The founders of Fort Worth’s soon-to-open Martin House Brewing Company want their beers to be as indispensable to your adventures as a compass or pocket knife.
With brews meant to be enjoyed “around a fire with close friends while reminiscing over the day’s killer mountain bike ride,” Martin House Brewing targets the kind of people who enjoy their beer after burning a few hundred calories outdoors.
To find the inspiration for beers like River House Saison, a beer for kayakers, or Day Break, a four-grain breakfast beer modeled after a bowl of cereal, the four founders didn’t have to look very far.
Martin House Brewing targets the kind of people who enjoy their beer after burning a few hundred calories outdoors.
“On the most basic level, it’s what we like to do, and we wanted to make beer that’s made to do that,” says co-founder and head of business development David Wedemeier. “As we’ve been doing this so far, we’ve found a lot of people that want to take quality beers with them on trips or river floats.”
To that end, Martin House will can its brews by early May, including a 16-ounce tallboy. But first the label has to launch March 30 at the Fort Worth Flying Saucer.
The idea for Martin House really began nearly a decade ago when co-founder and president Anna Martin bought her husband, Cody, a home brew kit for his birthday. The seed for a brewery grew as Cody visited breweries across the country and examined the machinery necessary to make craft beer.

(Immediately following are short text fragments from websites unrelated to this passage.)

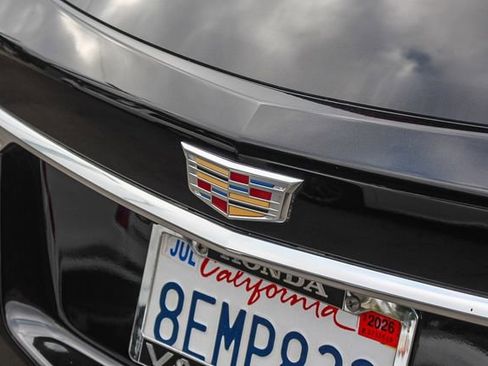 Used 2018 Cadillac XT5 Luxury w/ Driver Awareness Package FWD image 11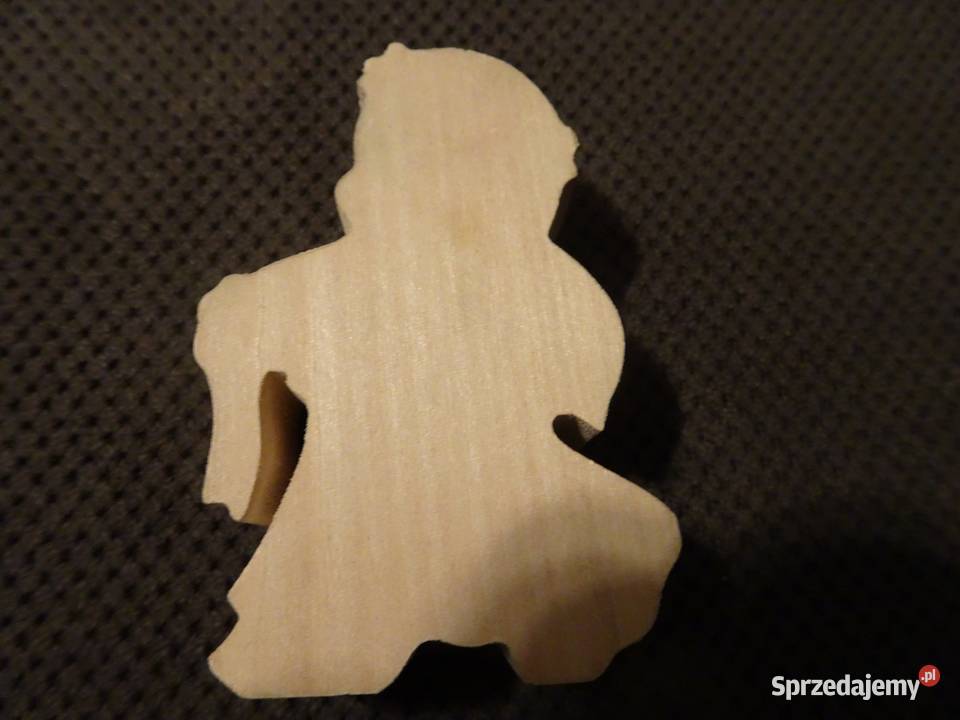 drewniana figurka góralki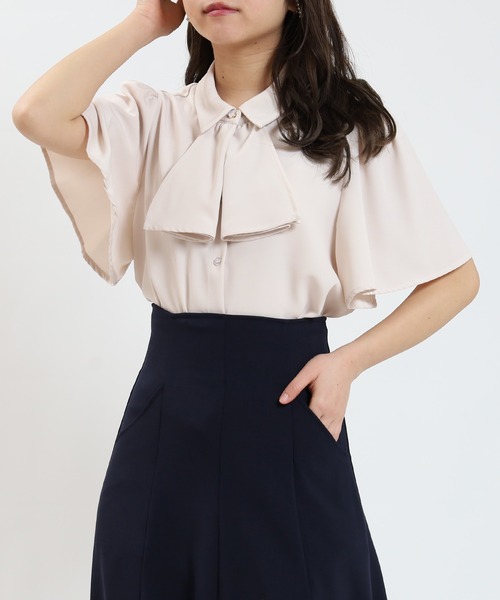 ASTORIA ODIER（アストリアオディール）の「とろみフリルボウタイ半袖ブラウス（シャツ/ブラウス・レディース・ホワイト/グリーン/ベージュ/ホワイト×ブラック/ダークグリーン/ピンクベージュ/ミント/ブルー/グレー・SMALL/MEDIUM）」の18枚目の写真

“Cody’s a professional engineer,” Wedemeier says. “He worked on environmental remediation systems, which is basically moving water through systems to clean it up. Brewing is essentially the same principle of pumping around water, so he took his love for beer and combined it with his knowledge of the systems.”
When Cody and Anna moved back to Texas, they recruited Wedemeier and Adam Myers, a fellow engineer and UT Arlington alum, to help found the company.

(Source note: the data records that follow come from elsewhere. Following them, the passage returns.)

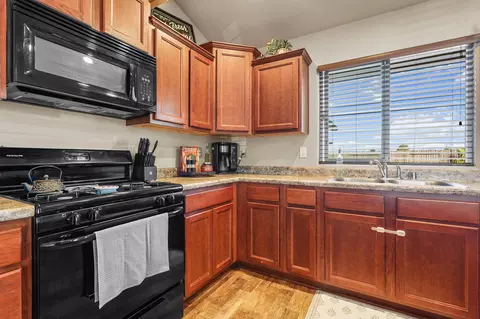 Kitchen - 2606 Sapphire Ln, Anderson, CA 96007 photo 2 of 2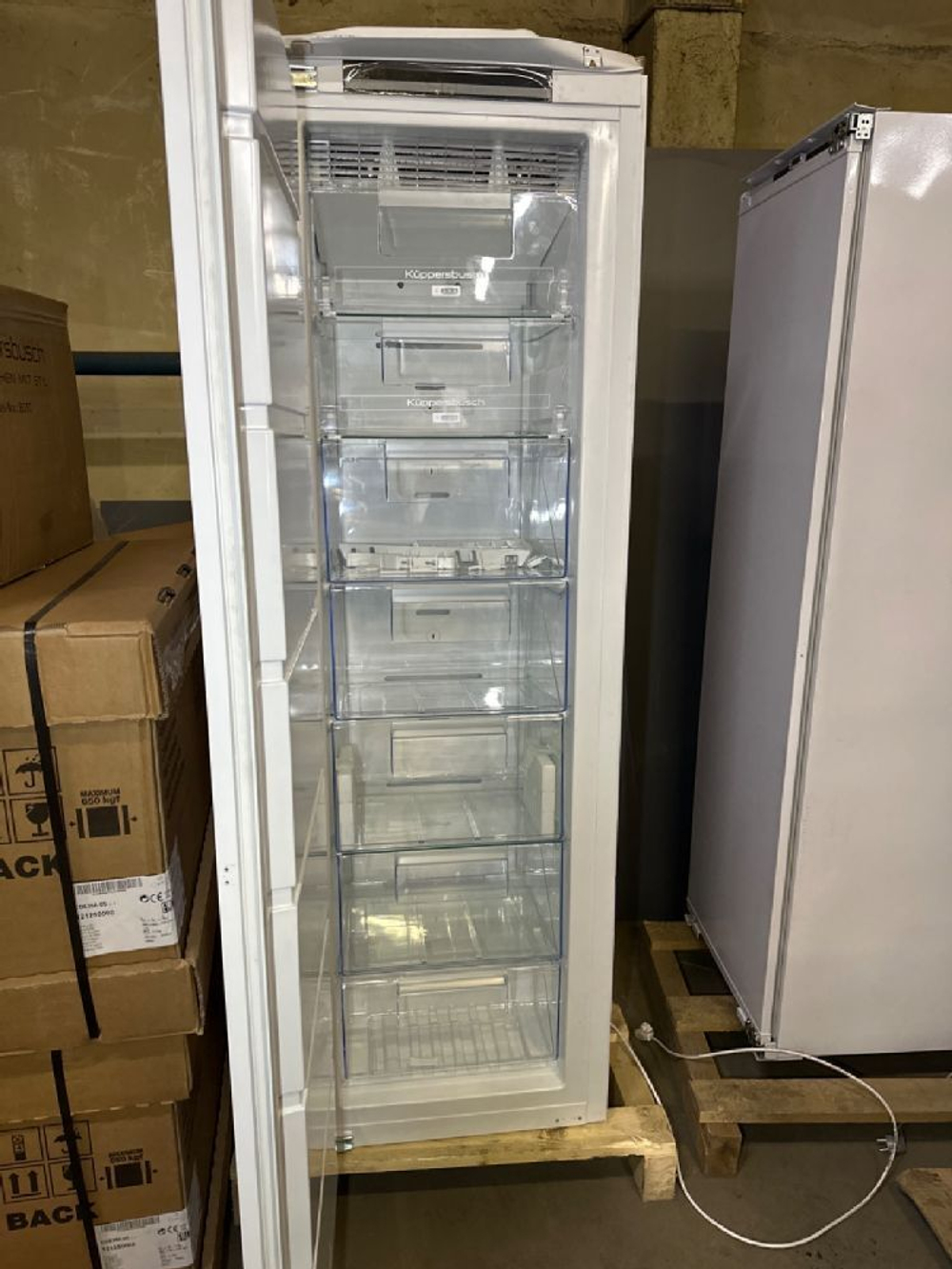 Встраиваемая морозильная камера Kuppersbusch FG 8840.0i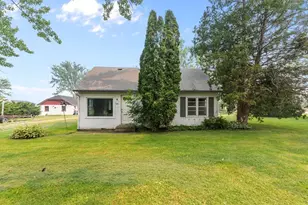 138 E Front St, Marquette, WI 53947 - Photo 64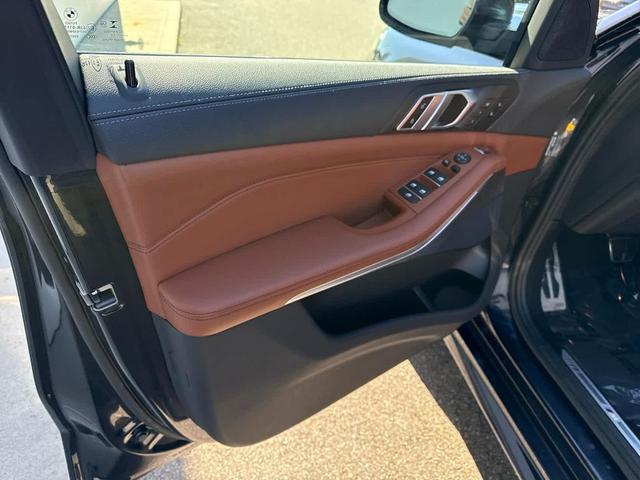 Photo of 2022 Carbon Black Metallic BMW X5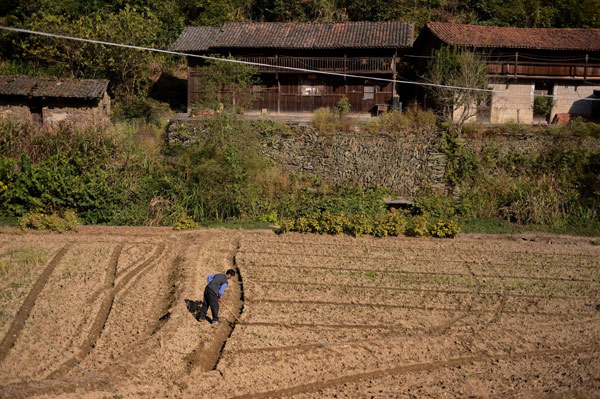 Last Man Standing In Village Once Home To 130- China.org.cn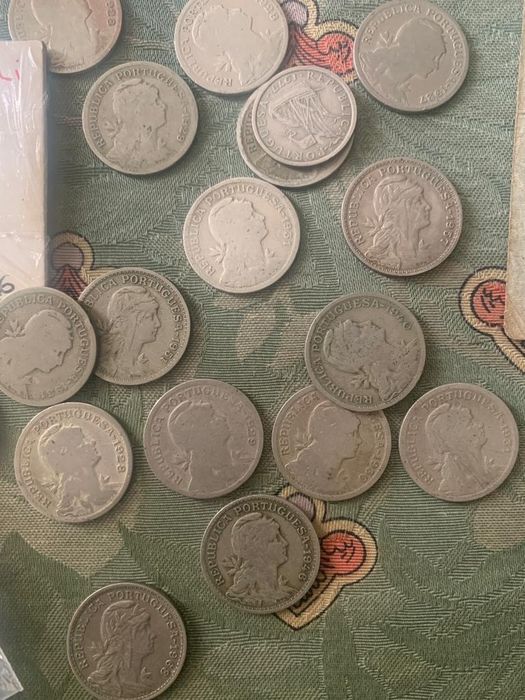 Lotes de 4 Moedas de 50 escudos ou individualmente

As part of their weekend warrior angle, Martin House is situated on the Trinity Trails just southeast of the intersection of I-35 and Highway 121.

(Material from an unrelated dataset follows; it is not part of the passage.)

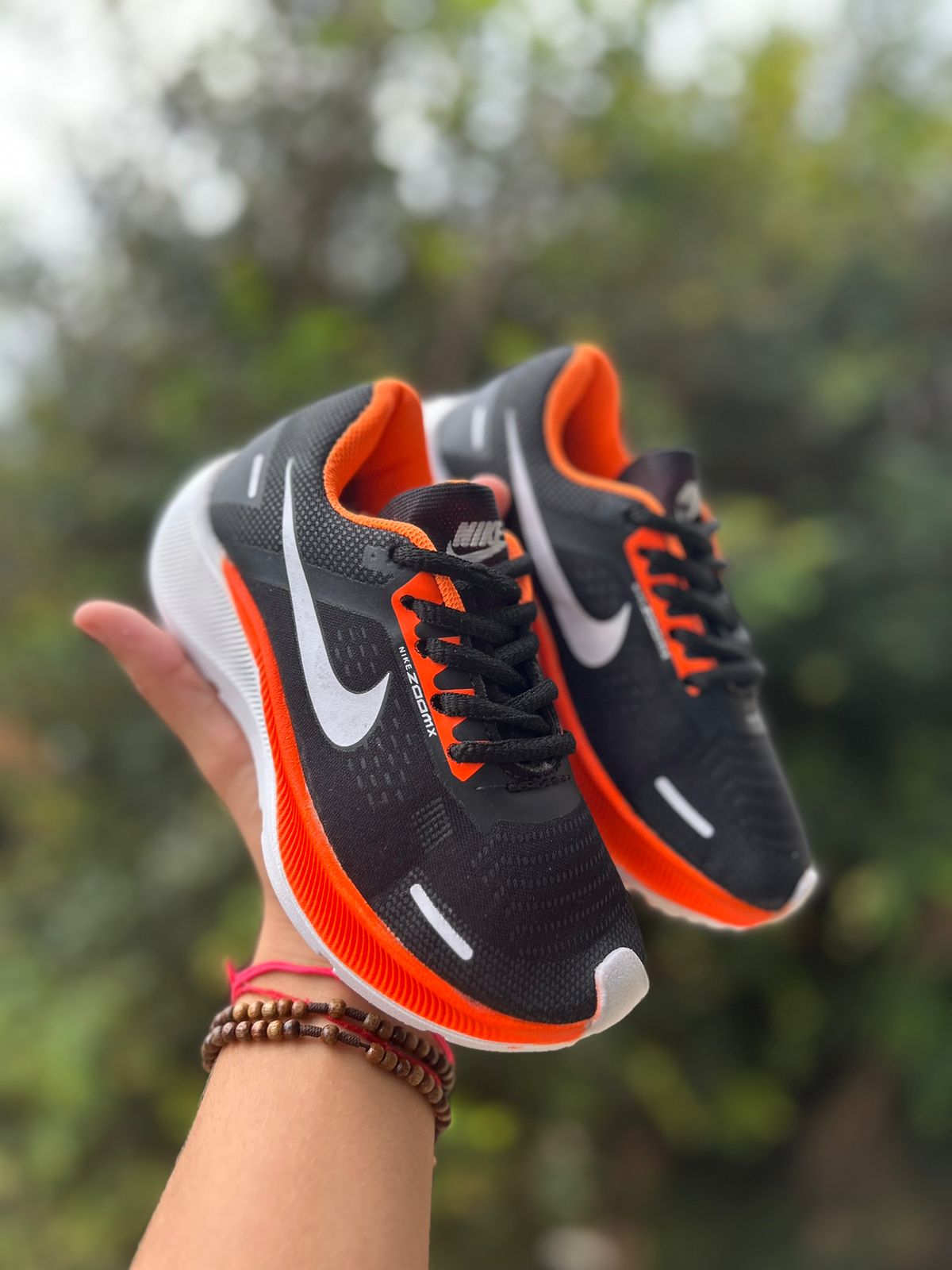 Tênis Infantil Unissex Air Zoom Nike Preto/Laranja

“It’s great integration,” Wedemeier says. “We’ve got a very nice parking lot that looks west for an unobstructed view of the sunset and downtown. It’s a great place to have a beer and grow a connection with everyone.”
Wedemeier says that the decision to tap their first keg at Flying Saucer was a no-brainer because of its history as a craft beer haven and because it’s only about a mile down Third Street from the brewery. They’ll tap two of their four beers: River House Saison and Imperial Texan, a red ale/IPA hybrid.
The remaining two brews — Day Break and a pretzel-based beer, There Will Be Stout — use ingredients that aren’t considered “normal” and require additional steps before being approved by the TABC.
For now, Martin House is just in Fort Worth, but Wedemeier wants to get into Dallas as soon as it makes sense. “There are some great places in Dallas,” he says, “but the demand in Fort Worth dictates our schedule. If there are people here asking for it, we’ll start here because of our manpower.”
Wedemeier also hopes to introduce several more beers, including summer and fall seasonals. But first the focus is on distributing kegs and getting the brewery ready for tours.
“Martin House is about friends getting together and getting stuff done,” Wedemeier says. “That’s what being local is all about.”